Our clergy and lay leaders, like so many others, quickly pivoted in how to attend to this unprecedented season, helping keep us connected.
As a result, instead of making the now-instinctive three right turns and two lefts from our driveway to the church, I took part remotely in a Lenten book study on Zoom. Discussion of Howard Thurman’s “Jesus and the Disinherited” was interrupted by an occasional request to mute a microphone or a random pause to allow someone’s internet to finish buffering so we could hear them.
The same for committee meetings, where more people were wearing baseball caps than I’d ever seen -- even in our casual congregation.
I watched the celebration of Sunday Eucharist online, grateful for the eternal nature of the liturgy.
Through these days, we have been challenged and strengthened, forced to surrender some old ways and to poke at some tender places we’d been avoiding. We have gained from that.
Yet I still grieve.
I am mindful that my losses are small in comparison to what many people have experienced, and that puts my sadness in perspective. Others have endured trauma in ways that I have not.
But I feel the loss of the Eucharist and the music that anchored my week. I miss the human contact of exchanging the peace or extending a hard hug to a young person home for break. I miss the retired clergywoman who shared the pew with me, as well as what she’d been reading lately. I miss the time before and after service -- wee ones skittering to church school, quick conversations to check on elderly parents in another state. I miss in-person church committee meetings with the conversation veering wildly off topic and everyone ending up laughing.
Church is liturgy and proclamation, yes. But it is also those small, unscripted moments that I have mourned mightily. There is something unique each Sunday that the congregation collectively creates.
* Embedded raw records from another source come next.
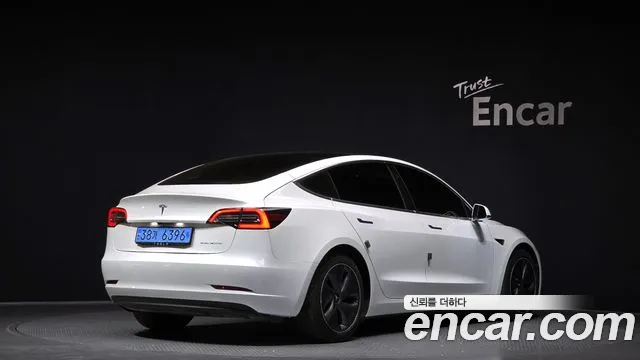 Tesla Model 3 id 2712090 из Кореи 12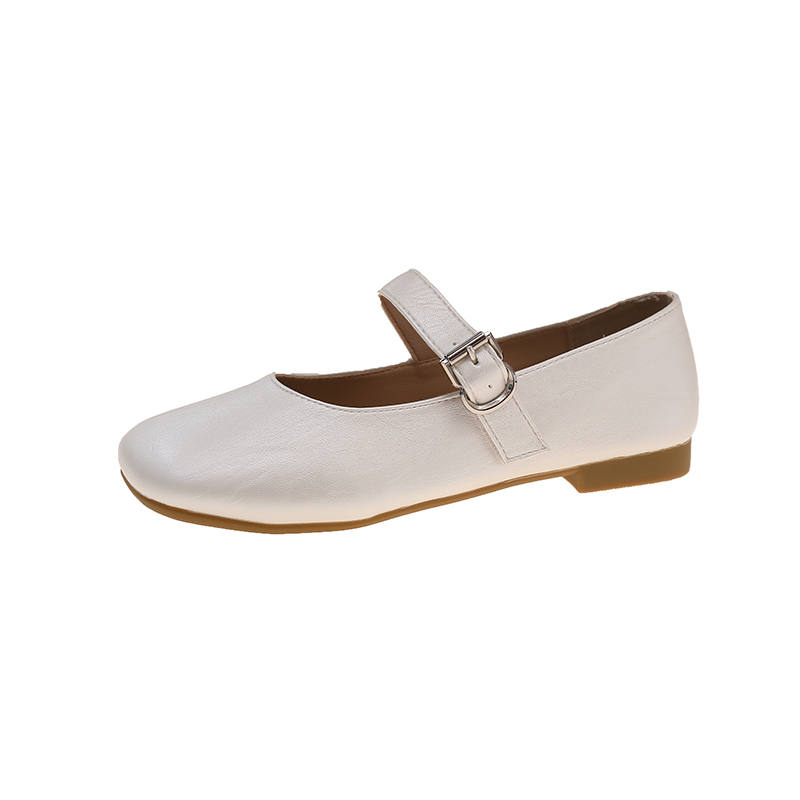 Alxnan Mary Jane Shoes Women's Box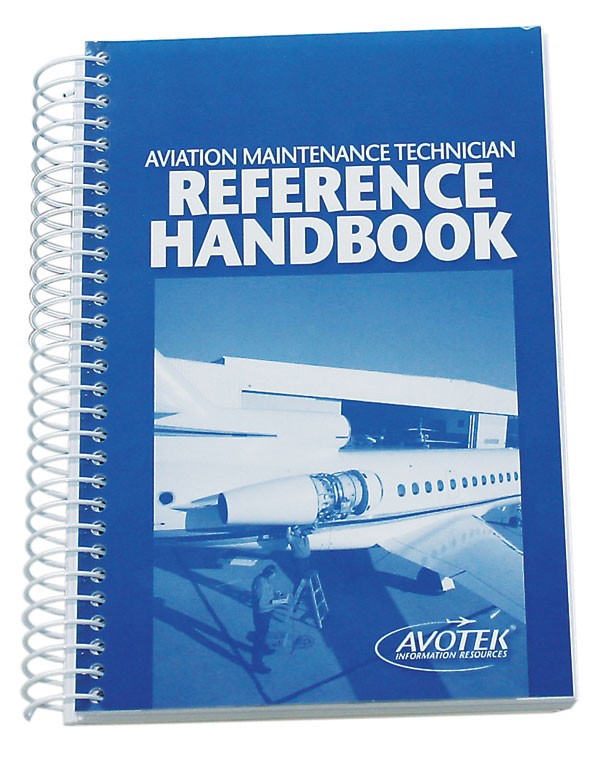Avotek Aviation Maintenance Technician Reference Handbook T-AVMARE-0101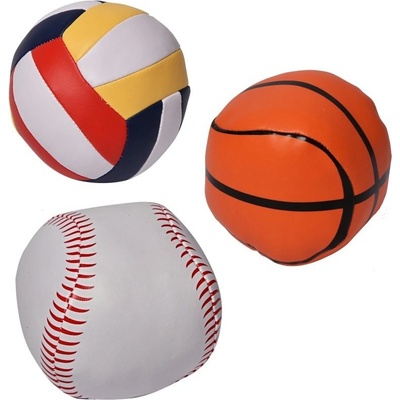 Mac Toys Míček různé druhy 10 cm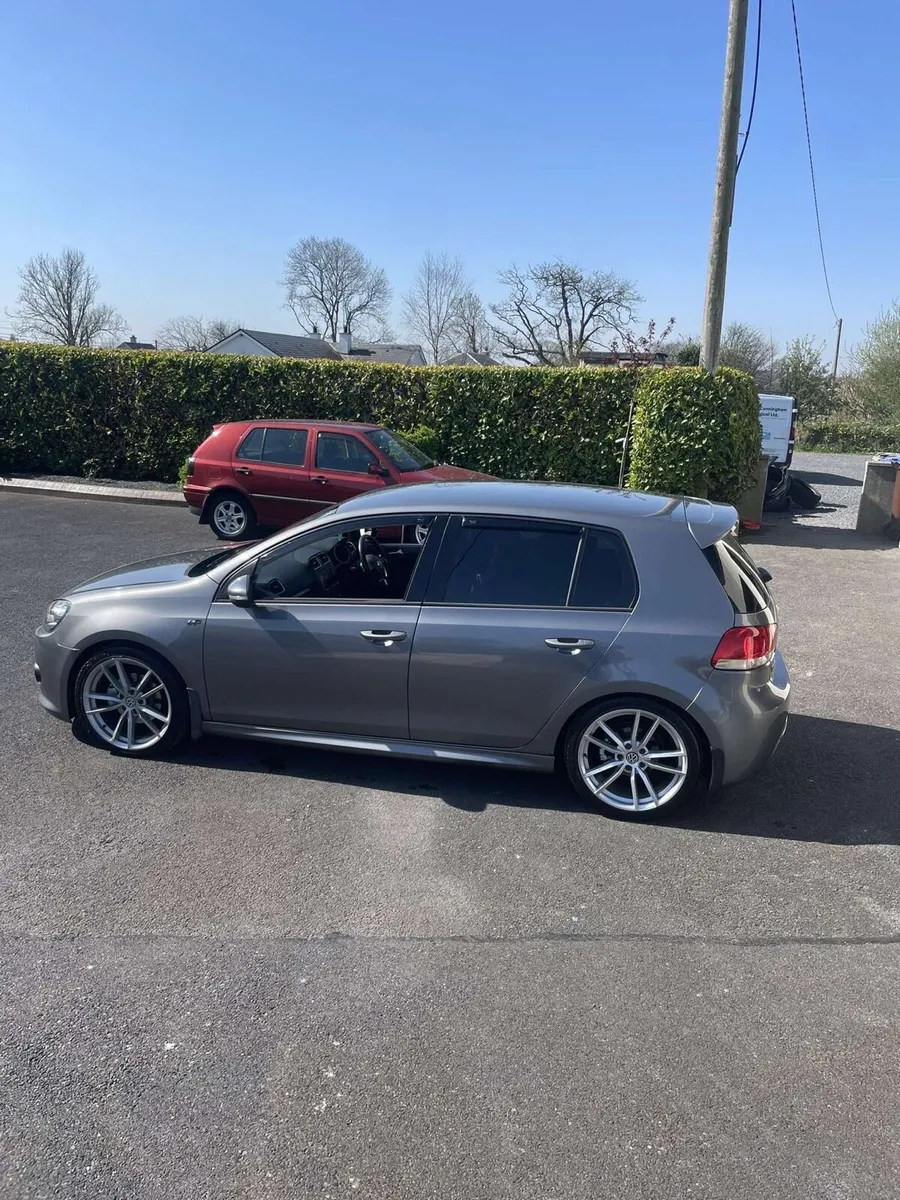Vw golf R-line - Image 3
I grieve that we have been missing that -- but I don’t regret its absence. I fully recognize that our time apart lives into Jesus’ commandment to his disciples on Maundy Thursday that we love one another. As much as we have missed each other’s physical presence, it has been necessary.
Church extends far beyond an individual building or a single holy day. Church happens in youth-led evening prayer on summer mission trips. It happens when we confront our privilege in the face of injustice toward our siblings.
It happens in quiet conversations with our elders as they draw us into God’s overwhelming presence with stories of their lessons, losses and loves. In those ways, I recognize that church cannot be contained within structures. It is people and shared philosophy and action out of a moral call.
This extraordinary Easter Sunday, the days that preceded it and the days yet to come have given me respect for church services offered remotely as a way to worship in community when we cannot be gathered together. This time has reinforced for me, however, that the gathered community matters as well.
The end of isolation and return to presence will mark a new season in the church. I look forward to its celebration.